Major budget elements and staff explanations
- Property values and reserves: Staff said the property-appraiser figure of 6.84% was used in the FY 2026 revenue projections. The budget maintains the city's policy goal of 45–60 days of cash on hand; staff projected about 46 days by FY 2028 under current assumptions.
- Personnel and compensation: The budget programs a 2% across-the-board salary adjustment for general employees, and a 2% across-the-board adjustment for police bargaining unit scales and 1.5% for the fire bargaining unit. Merit increases are included where eligible (generally 2.5–3%, depending on position relative to the pay midpoint). City staff said they will commission a market-pay study in the coming year to confirm competitiveness.

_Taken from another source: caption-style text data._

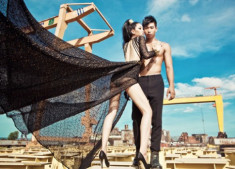 6 bức ảnh đôi đẹp nhất Siêu mẫu 2012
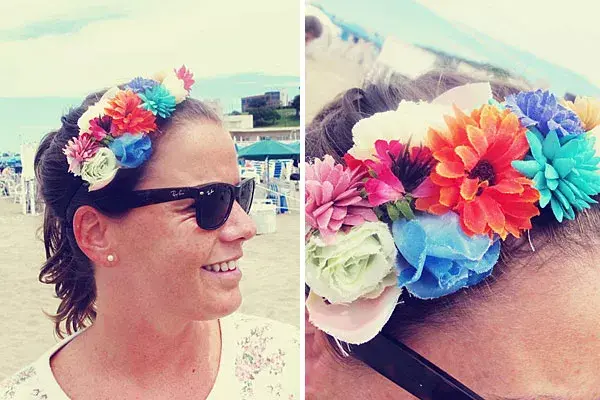 ¡Flores a la cabeza! Un accesorio bien alegre para lucir después de salir del mar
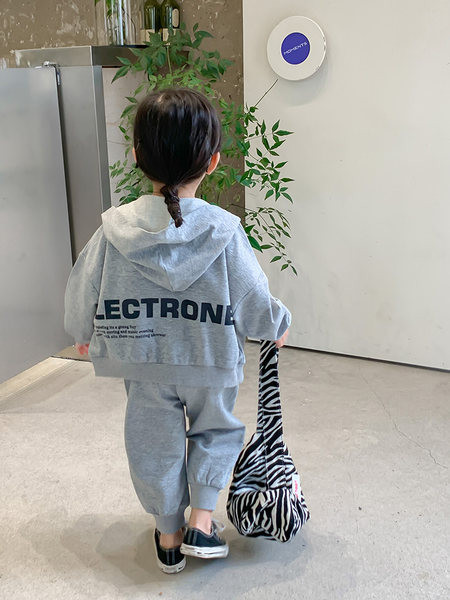 Set sport model nou pentru fete cu inscriptie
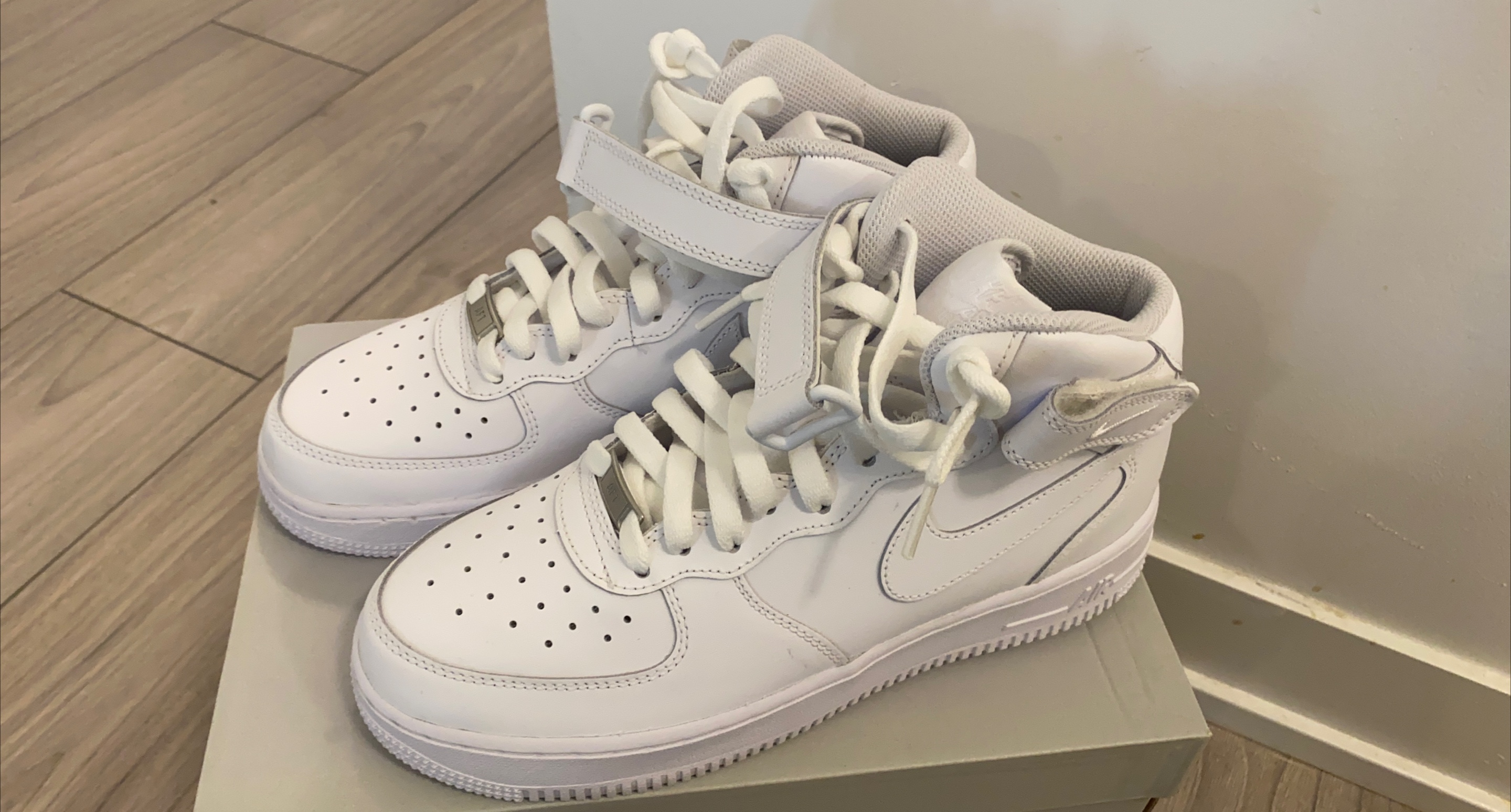Nike Air Force 1 High '07 - White thumbnail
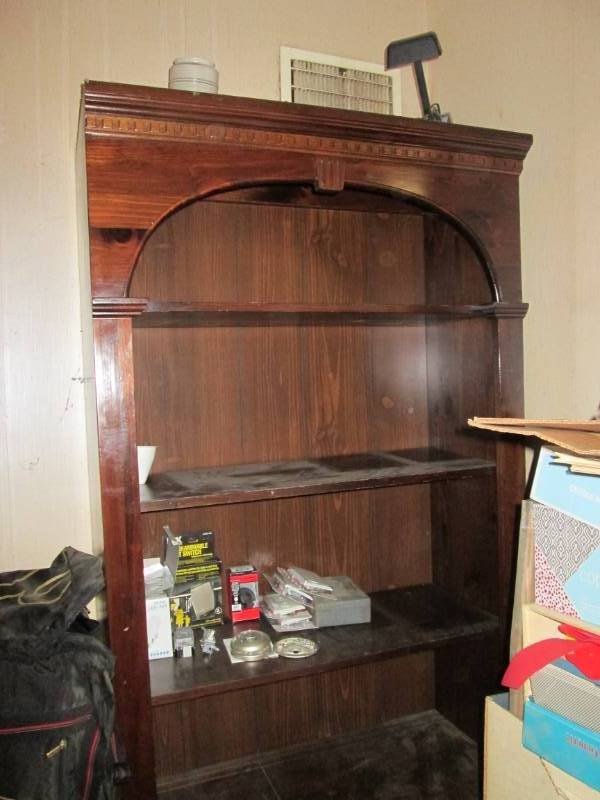 lot 41 image: Wood cabinet...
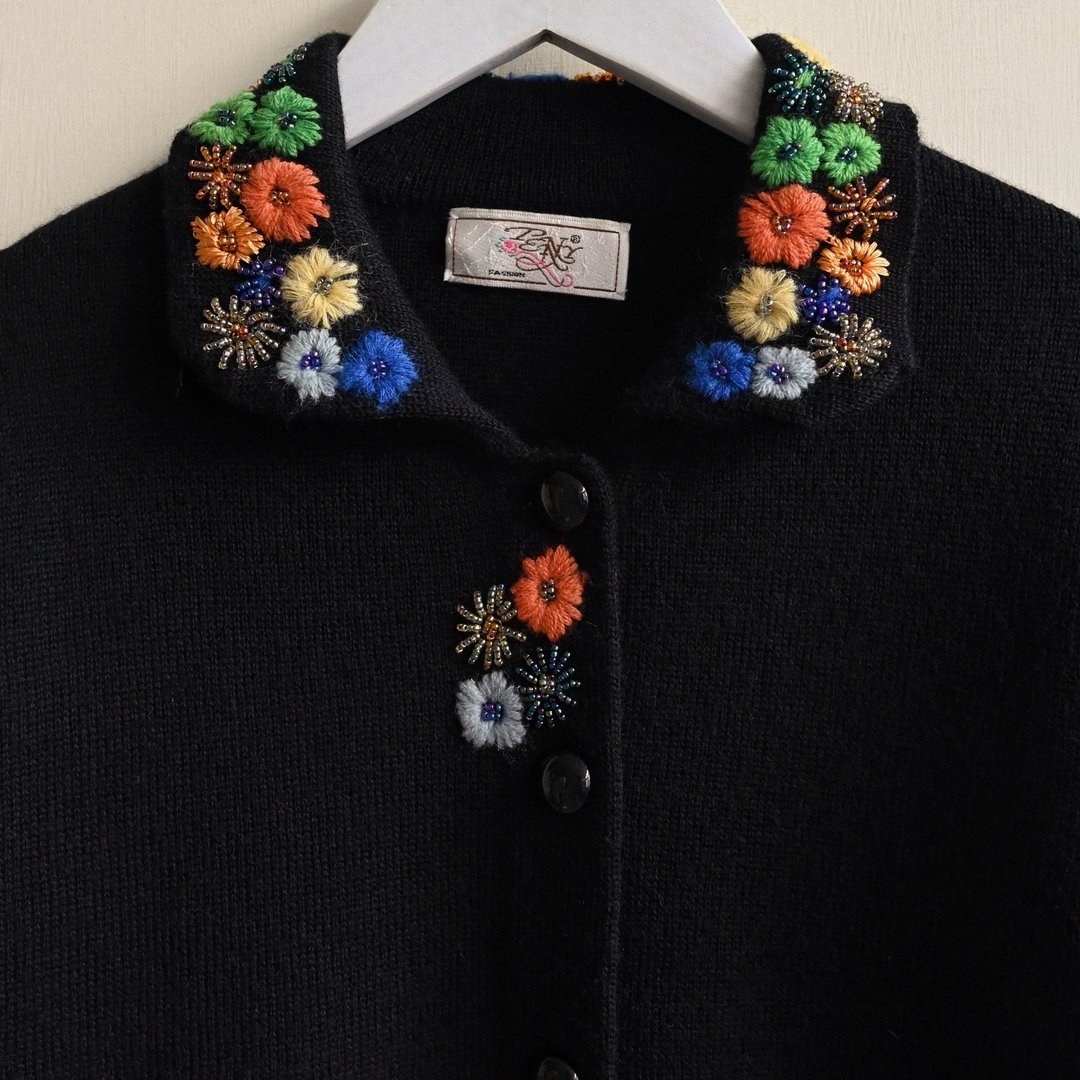 【NaSuBi Vintage】珠饰花卉线绣开襟古着毛衣 - 女装针织衫/毛衣 - 羊毛 黑色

City Manager Charles described the PMF (program, manpower and funding) review process and explained that some positions were reclassified, some added and some deleted; staff reported a net reduction of one full-time position and one part-time position and an overall personnel net savings of about $25,000 compared with the prior year.

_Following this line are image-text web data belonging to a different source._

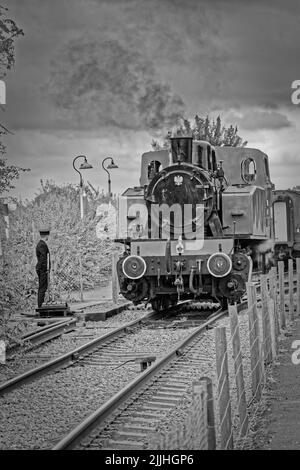 4015 Karels Dampfzug bei Avon Valley Railway Stockfoto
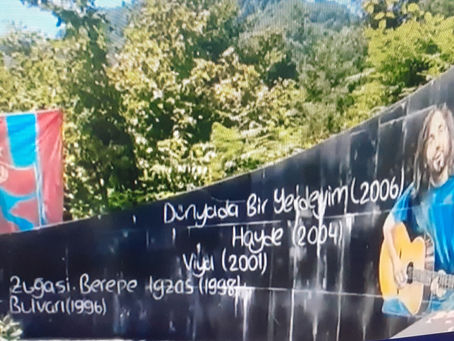 Sanatçı Kazım Koyuncu vefatının 19. yılında Artvin'deki mezarı başında anıldı
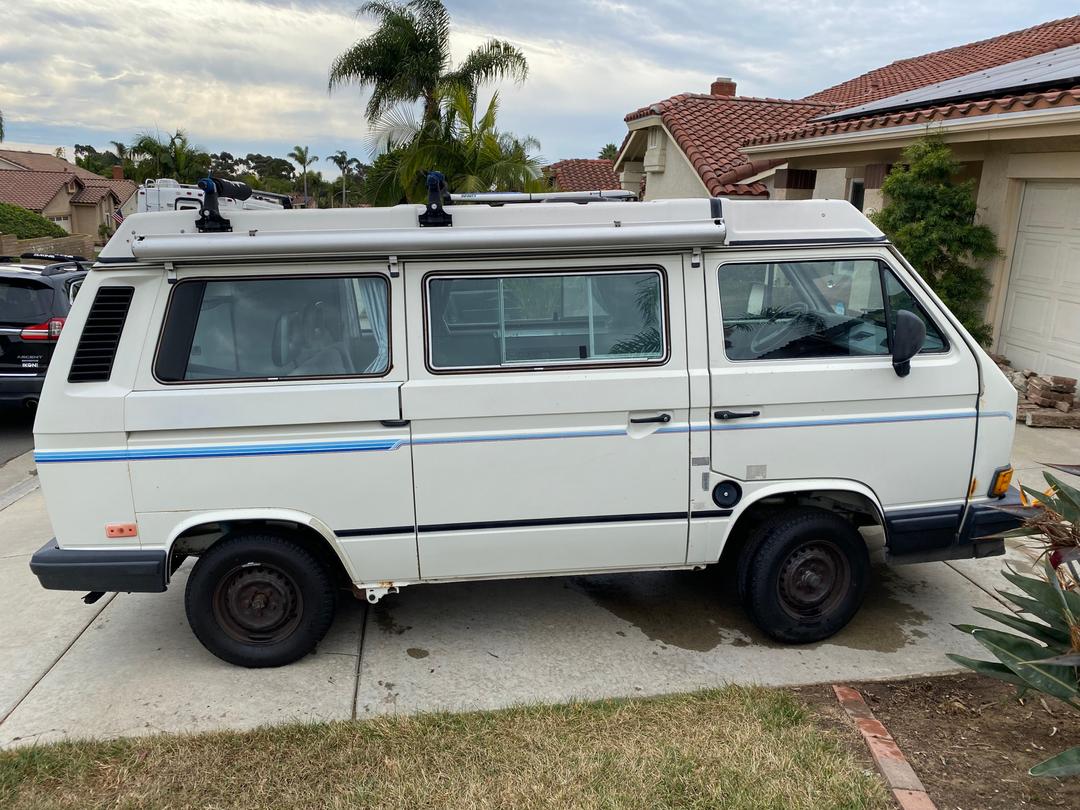 VOLKSWAGEN_Vanagon 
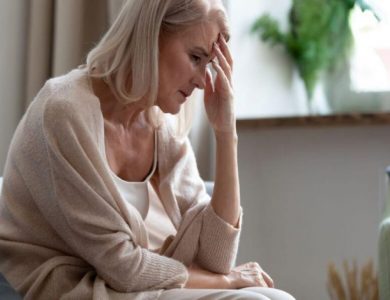 یائسگی چیست؟ چه علائمی دارد و از چه سنی شروع می‌شود؟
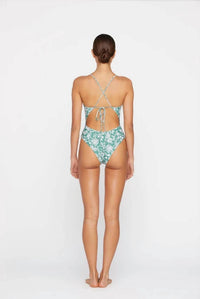 Mikoh - Thalia One Piece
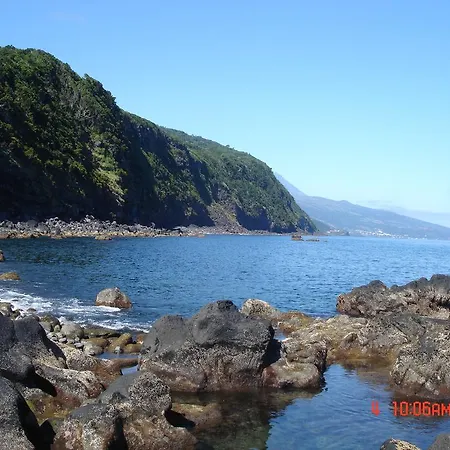 Casas De Lava Ribeirinha (Pico Island)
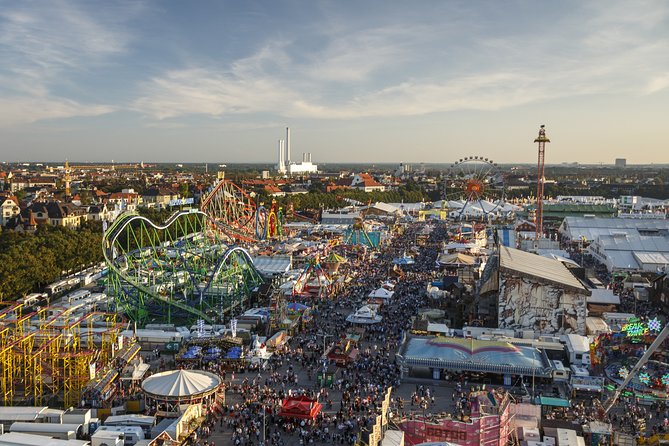 VIP Oktoberfest Incl. Table Res., 3-Course-Menu, Beer & Champagne - Bavarian Starter Plate and 3-Course Menu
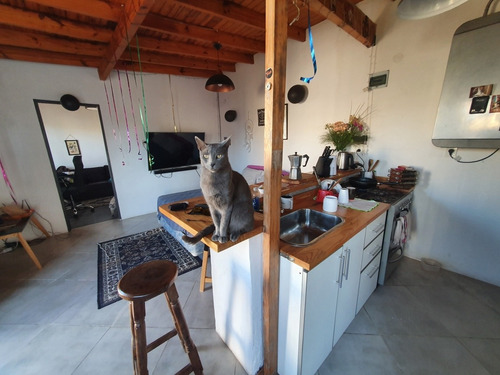 Amplia Casa 3 Amb + Depto Fondo 2 Amb Prox Av Marquez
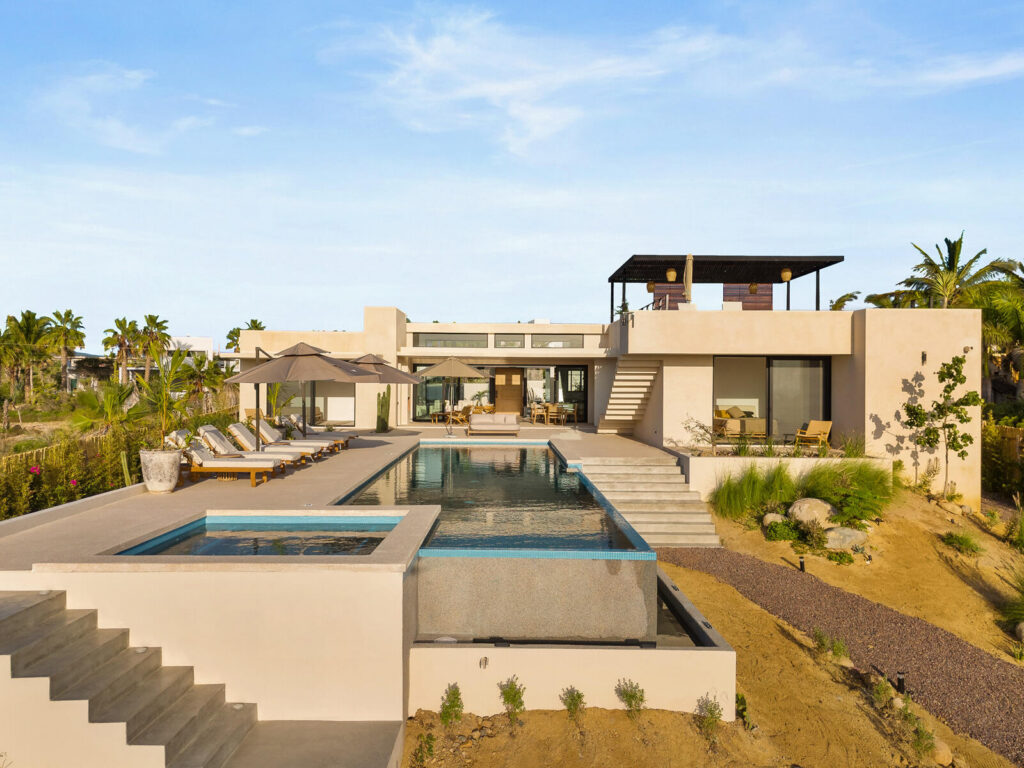 Cabo San Lucas Blue Moon Perched in Pedregal's coveted Valley of the Moon, this contemporary two-story residence captures unblockable ocean – Camino de la Duna, Cabo San Lucas, BS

- Benefits and insurance: The proposed budget reflects a projected employee contribution increase in health-insurance costs and staff estimated a 13% increase to employee-paid health premium and a 14.5% increase to the city's portion of health insurance costs, driven primarily by industry cost trends and recent large claims.
- Department-level changes: Examples presented by staff included reclassifying 11 police records associates because of changes to duties and reporting requirements; deleting one vacant public-safety aide position in Police (net savings about $30,000 after reclassifications); adding three firefighter positions and one fire equipment mechanic (staff said adding firefighters reduces costly overtime and yields a projected overtime savings of about $180,000); deleting a vacant HR specialist position (estimated savings about $127,000); and several reclasses and additions in Lakeland Electric and water/wastewater utilities (Lakeland Electric net savings after proposed changes cited as about $167,000; water/wastewater changes include a cybersecurity manager and trade position adjustments, with a net cost increase noted at about $144,000 for certain water-utility changes).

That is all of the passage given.